───── PROVIDED MATERIAL ─────

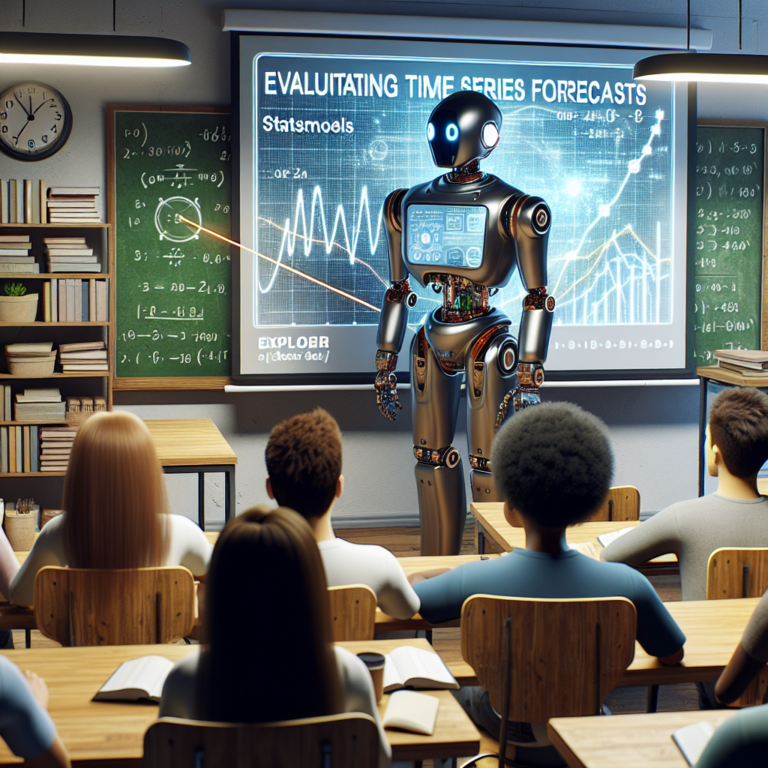 a explorer robot is publishing a tutorial with the title: evaluating time series forecasts: a guide to using statsmodels in a class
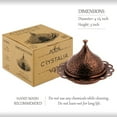 thumbnail image 3 of Crystalia Decorative Candy Bowl with Dome, Traditional Delight Container with Serving Dish, Ottoman Design Decorative Ellipse Delight Bowl with Lid, Vintage Turkish Delight Bowl (Copper), 3 of 6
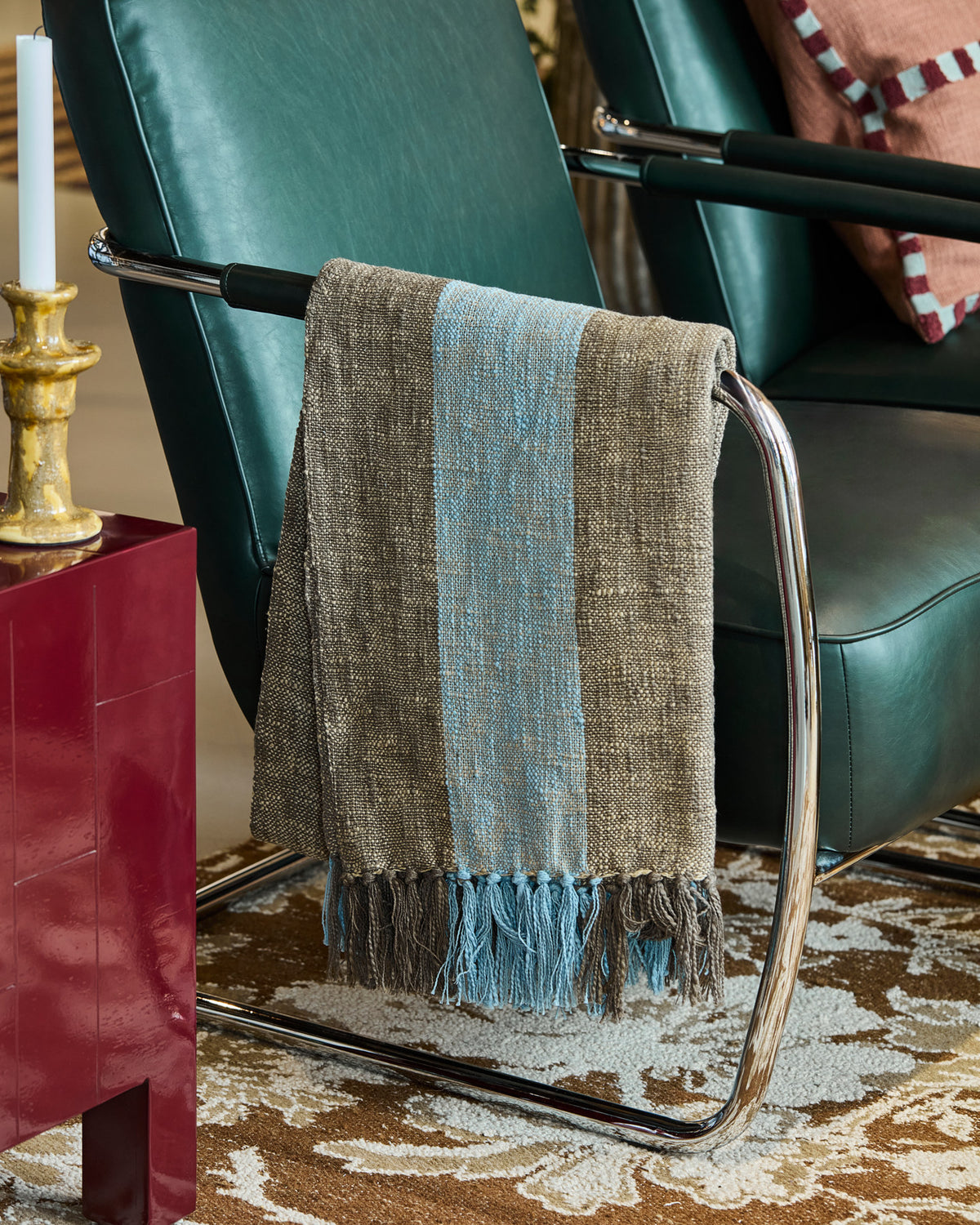 Decke, HDPonra, Braun,Hellblau in Braun, Hellblau präsentiert im Onlineshop von KAQTU Design AG. Wolldecke ist von House Doctor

─────

__WORK TO COMPLETE__: Would you reproduce the lines from the one with "thumbnail image 3" through the final line of the data above, exactly and only those, without any pictures?

__FINISHED TASK__:
 thumbnail image 3 of Crystalia Decorative Candy Bowl with Dome, Traditional Delight Container with Serving Dish, Ottoman Design Decorative Ellipse Delight Bowl with Lid, Vintage Turkish Delight Bowl (Copper), 3 of 6
 Decke, HDPonra, Braun,Hellblau in Braun, Hellblau präsentiert im Onlineshop von KAQTU Design AG. Wolldecke ist von House Doctor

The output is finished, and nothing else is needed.